──────── Working data

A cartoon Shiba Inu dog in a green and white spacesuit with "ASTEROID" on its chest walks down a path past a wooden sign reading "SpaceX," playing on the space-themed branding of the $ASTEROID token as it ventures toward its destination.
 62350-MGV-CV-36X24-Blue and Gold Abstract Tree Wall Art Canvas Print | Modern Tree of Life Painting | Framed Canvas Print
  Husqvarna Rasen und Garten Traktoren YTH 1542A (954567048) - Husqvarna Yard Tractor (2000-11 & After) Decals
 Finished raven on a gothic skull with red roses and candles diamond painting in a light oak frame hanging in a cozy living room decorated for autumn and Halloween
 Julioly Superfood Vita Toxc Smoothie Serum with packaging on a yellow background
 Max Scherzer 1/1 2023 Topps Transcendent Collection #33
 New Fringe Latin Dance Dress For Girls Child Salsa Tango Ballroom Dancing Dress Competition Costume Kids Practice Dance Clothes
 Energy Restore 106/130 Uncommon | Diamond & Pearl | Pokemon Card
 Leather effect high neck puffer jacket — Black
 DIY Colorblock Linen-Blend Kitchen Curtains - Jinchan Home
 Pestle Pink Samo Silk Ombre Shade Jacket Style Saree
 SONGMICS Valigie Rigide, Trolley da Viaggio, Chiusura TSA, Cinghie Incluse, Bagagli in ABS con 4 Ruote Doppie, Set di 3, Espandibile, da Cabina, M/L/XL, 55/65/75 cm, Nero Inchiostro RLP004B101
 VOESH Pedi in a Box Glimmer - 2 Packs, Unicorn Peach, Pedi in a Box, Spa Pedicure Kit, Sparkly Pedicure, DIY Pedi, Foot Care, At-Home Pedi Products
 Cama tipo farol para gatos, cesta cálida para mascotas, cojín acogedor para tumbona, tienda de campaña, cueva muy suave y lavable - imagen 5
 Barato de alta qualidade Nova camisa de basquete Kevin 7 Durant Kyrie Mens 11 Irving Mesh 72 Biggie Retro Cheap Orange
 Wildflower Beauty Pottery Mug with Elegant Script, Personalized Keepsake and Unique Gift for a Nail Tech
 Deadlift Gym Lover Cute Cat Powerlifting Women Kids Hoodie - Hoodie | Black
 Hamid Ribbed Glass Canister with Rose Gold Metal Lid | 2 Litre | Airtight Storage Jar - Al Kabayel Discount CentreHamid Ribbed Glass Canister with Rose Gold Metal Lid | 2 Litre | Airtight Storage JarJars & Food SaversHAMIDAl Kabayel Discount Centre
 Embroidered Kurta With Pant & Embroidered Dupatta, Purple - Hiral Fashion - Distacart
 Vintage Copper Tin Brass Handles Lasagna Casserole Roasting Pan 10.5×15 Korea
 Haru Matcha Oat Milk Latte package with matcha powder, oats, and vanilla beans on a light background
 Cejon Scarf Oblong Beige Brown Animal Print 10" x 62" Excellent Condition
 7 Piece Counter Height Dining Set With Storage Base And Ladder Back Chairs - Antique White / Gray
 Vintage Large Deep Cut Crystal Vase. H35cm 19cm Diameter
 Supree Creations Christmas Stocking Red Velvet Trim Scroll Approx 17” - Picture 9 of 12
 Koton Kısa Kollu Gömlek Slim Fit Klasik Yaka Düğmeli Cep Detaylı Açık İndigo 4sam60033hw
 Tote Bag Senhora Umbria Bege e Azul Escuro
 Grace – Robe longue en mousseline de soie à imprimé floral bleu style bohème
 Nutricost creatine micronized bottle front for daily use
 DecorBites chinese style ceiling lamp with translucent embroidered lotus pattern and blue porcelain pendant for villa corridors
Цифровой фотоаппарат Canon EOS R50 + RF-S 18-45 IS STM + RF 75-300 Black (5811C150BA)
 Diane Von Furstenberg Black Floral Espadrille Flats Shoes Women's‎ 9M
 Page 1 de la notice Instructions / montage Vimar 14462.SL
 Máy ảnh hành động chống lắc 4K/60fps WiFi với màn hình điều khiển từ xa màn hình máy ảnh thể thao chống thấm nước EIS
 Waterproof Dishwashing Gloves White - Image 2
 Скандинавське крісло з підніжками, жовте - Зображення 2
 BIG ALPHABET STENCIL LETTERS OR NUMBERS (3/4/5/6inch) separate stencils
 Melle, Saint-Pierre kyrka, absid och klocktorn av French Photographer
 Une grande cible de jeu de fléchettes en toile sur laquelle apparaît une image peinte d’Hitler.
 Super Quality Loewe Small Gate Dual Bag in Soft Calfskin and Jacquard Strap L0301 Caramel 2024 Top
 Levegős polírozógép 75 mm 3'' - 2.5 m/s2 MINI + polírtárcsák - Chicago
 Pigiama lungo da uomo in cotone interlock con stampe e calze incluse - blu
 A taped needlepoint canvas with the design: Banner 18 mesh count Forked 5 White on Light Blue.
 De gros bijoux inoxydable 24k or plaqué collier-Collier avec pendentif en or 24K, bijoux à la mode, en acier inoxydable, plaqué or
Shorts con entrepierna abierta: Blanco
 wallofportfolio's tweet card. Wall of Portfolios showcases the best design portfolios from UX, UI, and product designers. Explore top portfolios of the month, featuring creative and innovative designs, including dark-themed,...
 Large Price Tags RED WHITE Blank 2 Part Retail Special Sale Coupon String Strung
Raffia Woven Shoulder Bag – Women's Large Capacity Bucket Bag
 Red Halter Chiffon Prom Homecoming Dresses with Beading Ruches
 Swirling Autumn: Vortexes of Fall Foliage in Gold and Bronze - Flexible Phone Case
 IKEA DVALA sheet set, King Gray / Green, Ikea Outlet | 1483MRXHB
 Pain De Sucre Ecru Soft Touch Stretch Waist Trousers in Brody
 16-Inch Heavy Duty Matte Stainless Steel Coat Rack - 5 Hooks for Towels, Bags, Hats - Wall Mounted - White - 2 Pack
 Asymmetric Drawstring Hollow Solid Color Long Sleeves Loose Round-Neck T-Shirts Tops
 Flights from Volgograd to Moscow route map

────────────────

*Try it*
Nothing but the lines from the one with "Red Halter Chiffon" through the last line of the data should appear; print them exactly.

*Output for this task*
 Red Halter Chiffon Prom Homecoming Dresses with Beading Ruches
 Swirling Autumn: Vortexes of Fall Foliage in Gold and Bronze - Flexible Phone Case
 IKEA DVALA sheet set, King Gray / Green, Ikea Outlet | 1483MRXHB
 Pain De Sucre Ecru Soft Touch Stretch Waist Trousers in Brody
 16-Inch Heavy Duty Matte Stainless Steel Coat Rack - 5 Hooks for Towels, Bags, Hats - Wall Mounted - White - 2 Pack
 Asymmetric Drawstring Hollow Solid Color Long Sleeves Loose Round-Neck T-Shirts Tops
 Flights from Volgograd to Moscow route map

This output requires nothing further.